Fallback: service account key¶
No secrets stored. Short-lived tokens. Google's recommended approach.
If you cannot set up WIF, you can create a service account key:
- Go to IAM & Admin > Service Accounts in the GCP Console
- Create a new service account (e.g.,
lightpane-reader) - Grant it the
roles/viewerrole - Go to the Keys tab and create a JSON key
- Paste the downloaded JSON into LightPane
{
"type": "service_account",
"project_id": "my-project-123",
"private_key_id": "key123abc",
"private_key": "-----BEGIN RSA PRIVATE KEY-----\n...\n-----END RSA PRIVATE KEY-----\n",
"client_email": "lightpane-reader@my-project-123.iam.gserviceaccount.com",
...
}
Service account keys are long-lived secrets
The JSON key file contains a private key that never expires.
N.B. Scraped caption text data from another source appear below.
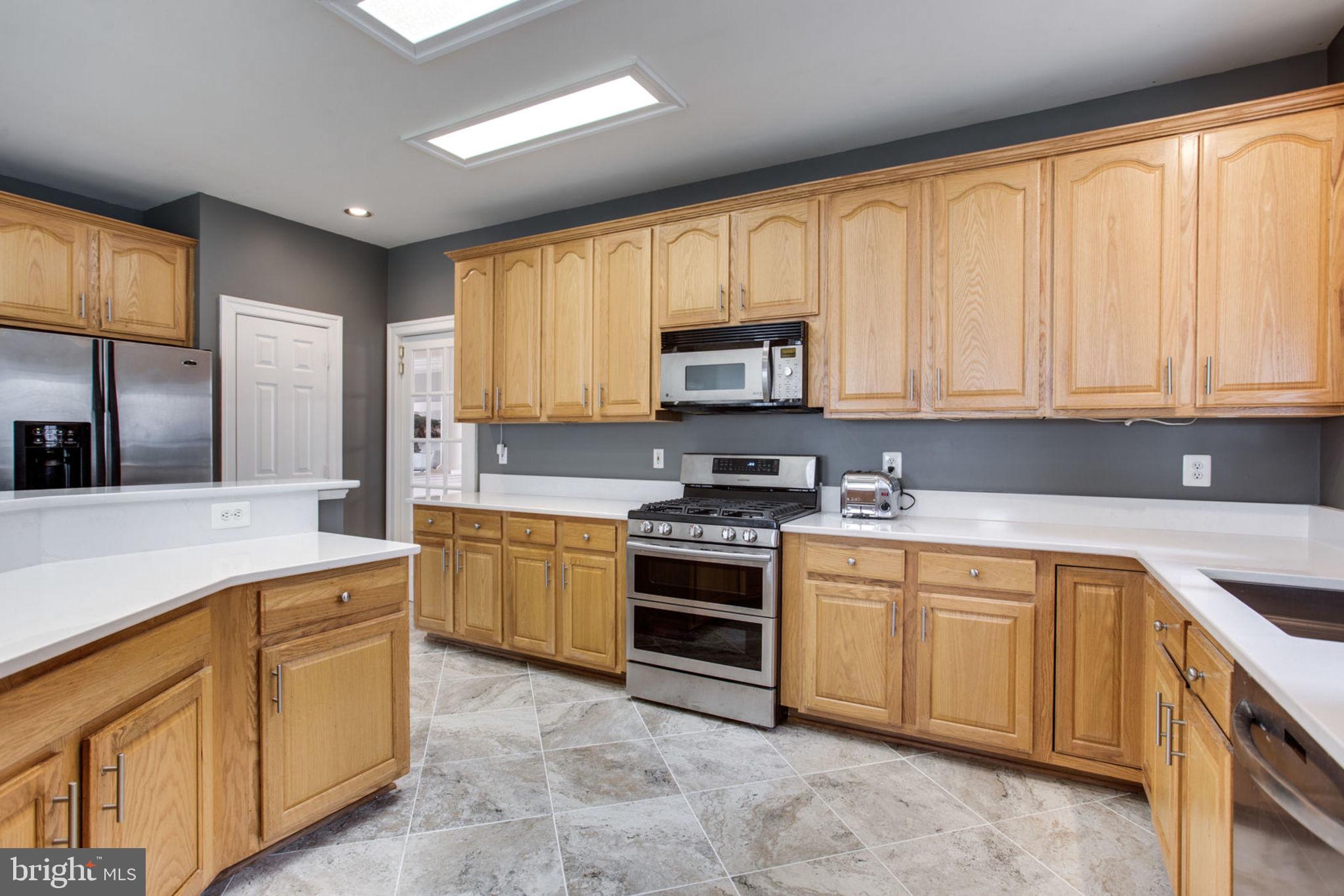 18621 Thundercloud Road Boyds, MD 20841 - Photo 22 of 83 a kitchen with cabinets appliances and a window
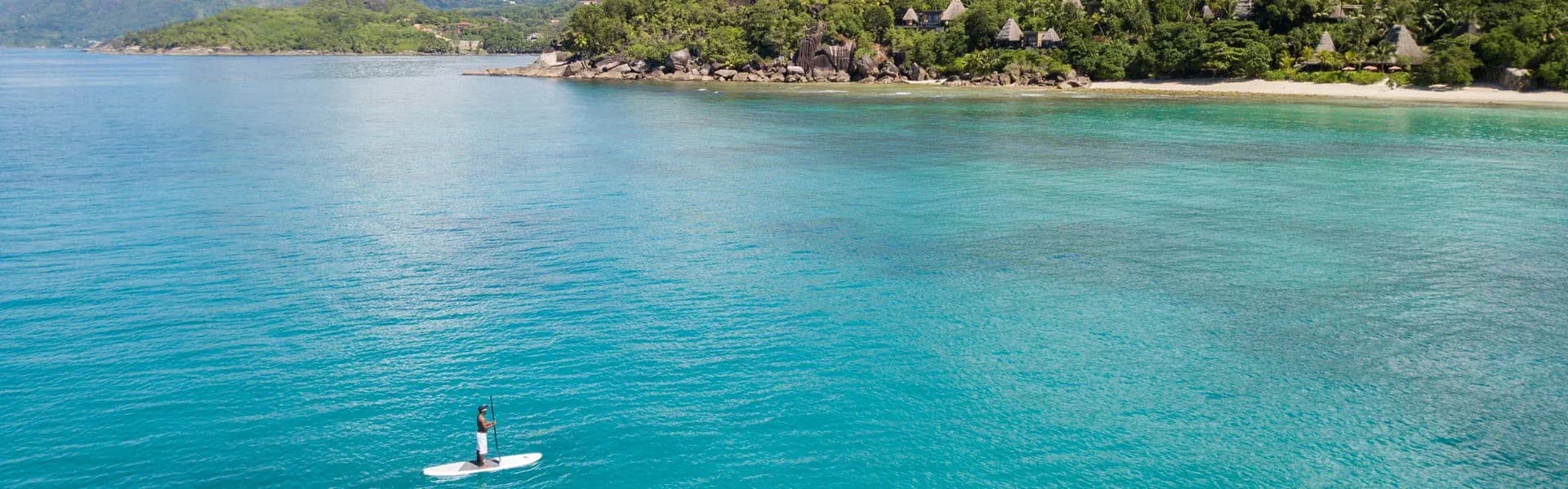 Stand-up paddleboarding off the beach at Anantara Maia Seychelles Villas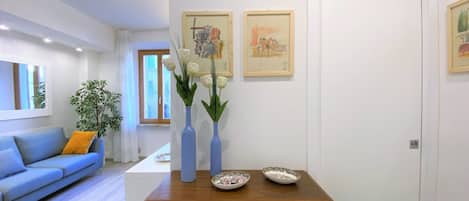 A modern living room with a blue sofa, a wooden coffee table, and two vases with white flowers. There are two framed artworks on the wall and a door in the background.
LightPane stores it encrypted, but WIF avoids this entirely. Use WIF unless you have a specific reason not to.
Note: GCP organisations created after May 2024 block service account key creation
by default. You may need to disable the iam.disableServiceAccountKeyCreation
organisation policy constraint.
Required GCP APIs¶
These APIs must be enabled in your project for WIF to work:
- IAM API (
iam.googleapis.com) - IAM Credentials API (
iamcredentials.googleapis.com) - Security Token Service API (
sts.googleapis.com) - Cloud Resource Manager API (
cloudresourcemanager.googleapis.com)
The setup script enables them automatically.
Supported regions¶
LightPane discovers resources in any GCP region. Common regions:
| Region | Location |
|---|---|
europe-west2 |
London |
europe-west1 |
Belgium |
europe-west3 |
Frankfurt |
us-central1 |
Iowa |
us-east1 |
South Carolina |
us-west1 |
Oregon |
asia-southeast1 |
Singapore |
asia-northeast1 |
Tokyo |
Revoking access¶
Delete the service account or the Workload Identity Pool in your GCP project. LightPane immediately loses access. You can also remove the WIF provider from the pool to revoke access without deleting the pool itself.